Due diligence considerations with respect to licensing data and acquiring data-dependent businesses.

In the relentless pursuit of the competitive advantages that arise from efficiency and speed, companies are increasingly using artificial intelligence and machine learning (AI/ML) in their businesses. But the story does not end there. Whether you believe it is the new "oil" or not,1 data is essential to such AI/ML technology—and every AI/ML application is only as good as the quality of data on which it is trained.2 As such, companies are increasingly looking to collect data not just via their own products and services but also from public and third-party sources (including from the internet through automated means like web scraping or by licensing from data vendors and aggregators). This article explores the rights and protections that may apply to such public or third- party data—and several due diligence questions to consider when looking to acquire or license such data.

In recent years, we have seen an increase in the number of M&A acquisition targets whose various products and services are based on or rely upon AI/ML technology or large pools of business-critical data.

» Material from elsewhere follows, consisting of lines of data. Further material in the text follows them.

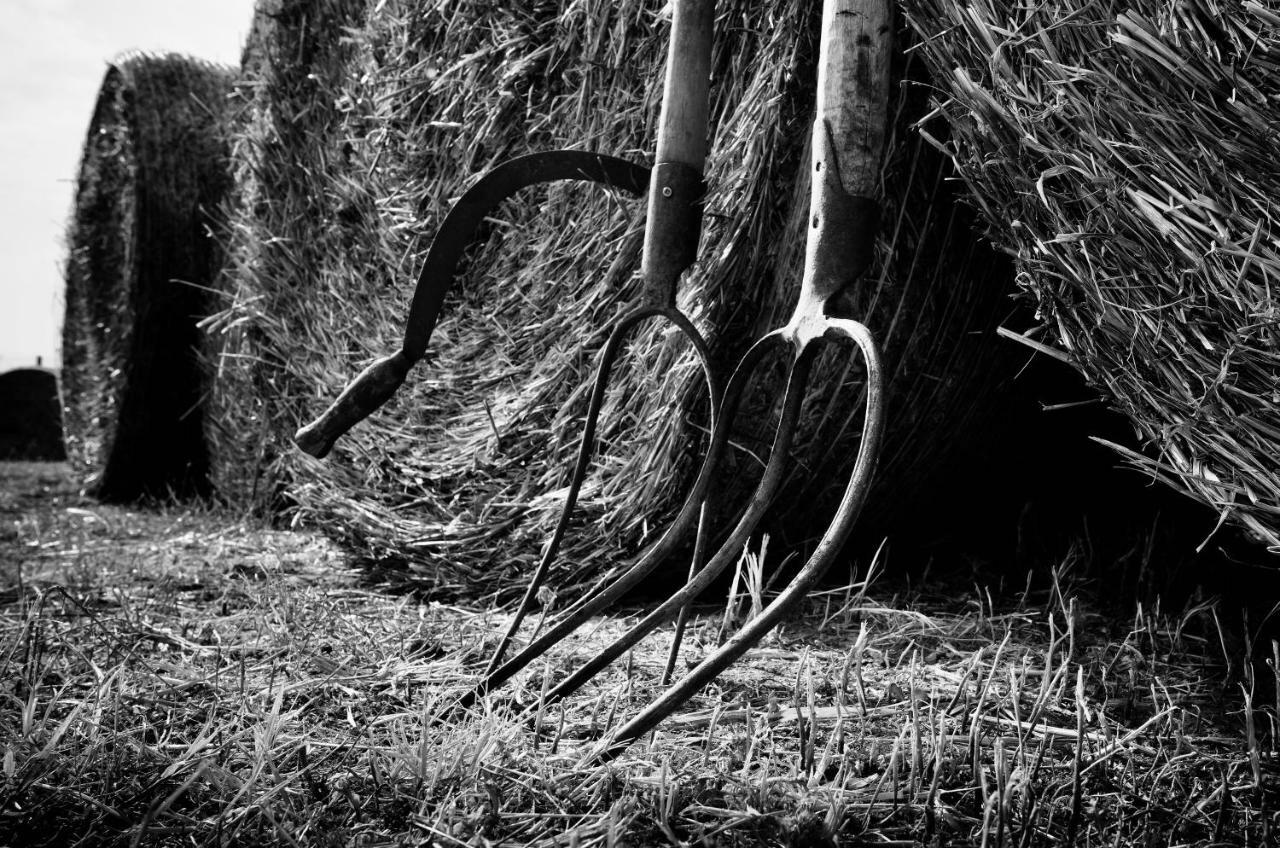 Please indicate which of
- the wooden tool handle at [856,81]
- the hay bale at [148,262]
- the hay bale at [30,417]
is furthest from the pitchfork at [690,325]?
the hay bale at [30,417]

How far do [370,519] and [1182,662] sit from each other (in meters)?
1.45

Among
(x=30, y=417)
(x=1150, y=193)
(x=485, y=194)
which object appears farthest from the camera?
(x=30, y=417)

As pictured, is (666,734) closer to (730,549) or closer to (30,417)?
(730,549)

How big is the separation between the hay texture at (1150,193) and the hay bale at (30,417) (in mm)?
4855

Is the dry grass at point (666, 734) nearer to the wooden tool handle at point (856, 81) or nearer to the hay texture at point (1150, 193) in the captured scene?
the hay texture at point (1150, 193)

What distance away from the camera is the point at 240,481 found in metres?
2.97

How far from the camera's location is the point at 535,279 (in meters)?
1.84

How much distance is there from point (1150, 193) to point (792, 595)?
0.51 m

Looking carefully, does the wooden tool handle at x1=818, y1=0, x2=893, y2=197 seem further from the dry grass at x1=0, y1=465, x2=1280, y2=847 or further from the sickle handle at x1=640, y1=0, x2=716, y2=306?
the dry grass at x1=0, y1=465, x2=1280, y2=847

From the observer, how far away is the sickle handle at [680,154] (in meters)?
1.33

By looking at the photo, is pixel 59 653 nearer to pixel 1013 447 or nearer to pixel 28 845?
pixel 28 845

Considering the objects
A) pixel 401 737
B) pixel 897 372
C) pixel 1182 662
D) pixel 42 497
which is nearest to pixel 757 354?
pixel 897 372

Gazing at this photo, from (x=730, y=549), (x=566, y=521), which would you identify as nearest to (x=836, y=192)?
(x=730, y=549)

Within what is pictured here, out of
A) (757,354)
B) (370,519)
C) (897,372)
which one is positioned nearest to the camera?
(757,354) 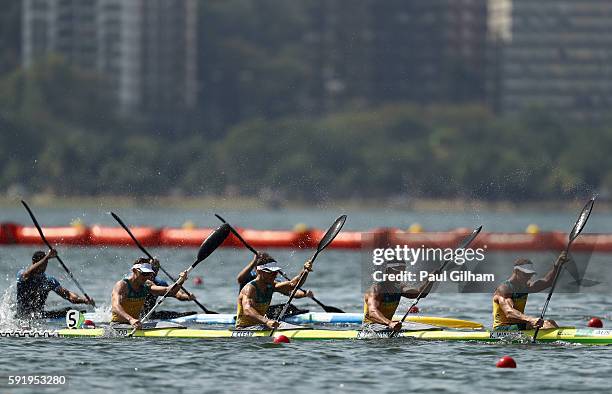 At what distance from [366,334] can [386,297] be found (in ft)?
3.21

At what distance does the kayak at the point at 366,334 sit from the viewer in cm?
3525

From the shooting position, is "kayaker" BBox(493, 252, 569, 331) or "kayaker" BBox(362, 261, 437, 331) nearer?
"kayaker" BBox(493, 252, 569, 331)

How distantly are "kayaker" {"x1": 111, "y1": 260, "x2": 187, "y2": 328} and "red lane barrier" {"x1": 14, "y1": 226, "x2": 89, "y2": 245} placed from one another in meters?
33.4

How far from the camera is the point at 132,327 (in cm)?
3644

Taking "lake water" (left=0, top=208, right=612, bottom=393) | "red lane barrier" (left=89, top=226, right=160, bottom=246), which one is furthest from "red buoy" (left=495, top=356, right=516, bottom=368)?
"red lane barrier" (left=89, top=226, right=160, bottom=246)

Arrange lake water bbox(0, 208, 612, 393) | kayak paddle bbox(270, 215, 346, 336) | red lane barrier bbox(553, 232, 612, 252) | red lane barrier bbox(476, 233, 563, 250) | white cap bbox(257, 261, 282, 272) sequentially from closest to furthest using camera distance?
lake water bbox(0, 208, 612, 393) < white cap bbox(257, 261, 282, 272) < kayak paddle bbox(270, 215, 346, 336) < red lane barrier bbox(553, 232, 612, 252) < red lane barrier bbox(476, 233, 563, 250)

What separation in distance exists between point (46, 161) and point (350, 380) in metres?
165

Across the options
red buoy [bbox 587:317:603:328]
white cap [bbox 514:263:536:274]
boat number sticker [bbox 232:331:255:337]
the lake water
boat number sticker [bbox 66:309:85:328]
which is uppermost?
white cap [bbox 514:263:536:274]

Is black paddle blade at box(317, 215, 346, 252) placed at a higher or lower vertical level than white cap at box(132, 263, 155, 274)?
higher

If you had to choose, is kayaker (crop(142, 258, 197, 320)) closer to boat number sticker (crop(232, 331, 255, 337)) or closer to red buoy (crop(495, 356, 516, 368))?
boat number sticker (crop(232, 331, 255, 337))

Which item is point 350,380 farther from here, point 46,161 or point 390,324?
point 46,161

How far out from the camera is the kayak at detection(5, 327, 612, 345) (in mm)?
35250

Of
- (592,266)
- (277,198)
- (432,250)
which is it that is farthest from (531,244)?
(277,198)

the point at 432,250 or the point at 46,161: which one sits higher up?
the point at 432,250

More and more of our clients are also seeking to license third-party data to power or augment their products and services. In both instances, the protectability of the data and how it is (or may be) exploited can lead to novel due diligence issues and determinations of risk allocation. We often hear target companies or vendors say that the relevant data is "in the public domain" or is not collected from "behind a login" and therefore may be freely accessed, collected and used in the relevant business. This analysis, however, is often not so straightforward. The rights that a target company or data vendor may have to certain data (and, in the licensing context, what rights such entity may grant) often turn on the nature of the data, how is it collected and processed, and its intended use.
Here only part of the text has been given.